I joined a host of them to separate the wheat from the chaff. The first thing that struck me was the amount of American run pages. The largest was GPact (Gastroparesis Patient Association for Cures and Treatments) an American charity, it was very helpful but also confusing with drugs having different names and each state seeming to have their own legistlation for treatment. Another US based organisation intimated it could help to heal GP naturally not wanting a lifetime of medications I decided to join.
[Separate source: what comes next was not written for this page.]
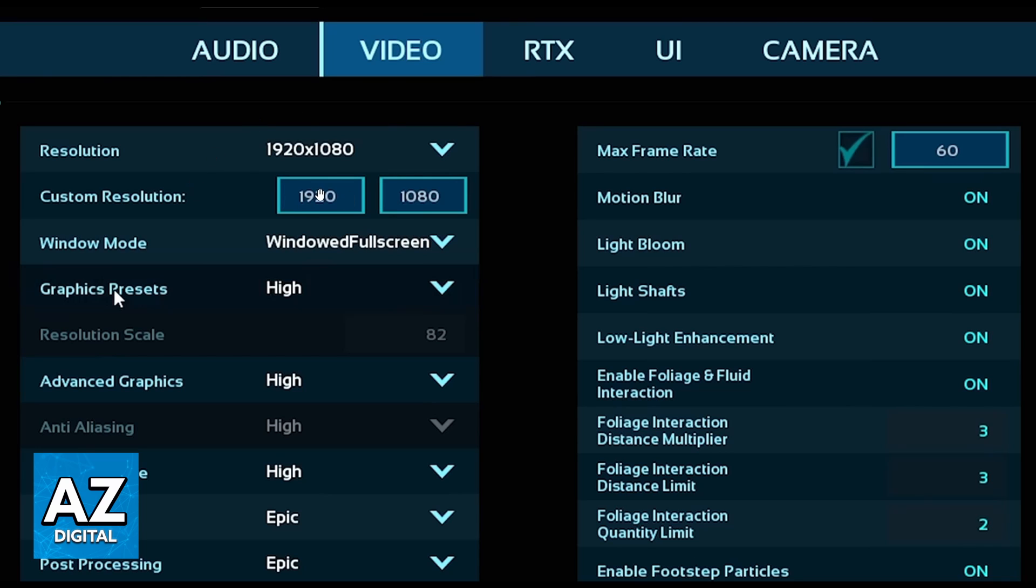And you can also customize your Resolution by clicking the number to change. So if you click in this window right here and change the number, your Resolution will be changed. Until the moment I'm recording this video, that's the only way to do that.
It soon became apparent that to access the good stuff you have to be a cross between the Stepford Wives and the Moonies. If you made any comment or questioned the regime you were considered subversive (like me) and disposed off. I never really got a chance to find out how it worked, apart from the fact it recommended coconut milk, kefir, bone broth and a selection of oils that can only be obtained through the website of admin and originator of the Fbook page. forum. Eventually it got so that the Facebook page was just a portal and to access the real stuff you had cough up $10 a month to see the website. Since when did GP become elitist?
Finally on Facebook I discovered the Gastroparesis & intestinal Failure Trust (GiFT). Founded in 2012 by Natalie Roux-Bean and Rachel Stott, the pair met on G-Pact after their own three-year battle with Gastroparesis, they decided to set up a GP support group with a UK focus. As well as the Facebook forum, they also have a website with advice for patients and medical professional and just achieved charitable status. The money raised will be used to support patient education and research. It is already has over 700 members on the Facebook forum with everything from blocked feeding tubes, to people in venting, consultant recommendations, inspirational quotes, jokes and everything in between. GiFT really is a gift for people like me, it is run with passion, knowledge and most of all love. I do suggest you check out their website it is really very comprehensive and helpful.
I know that in the coming months GiFT is going to be the rock I cling to as I start my surgical NHS journey. I am not sure if I will get another blog in before MrD wields his knife, so if not I will see you on the other side.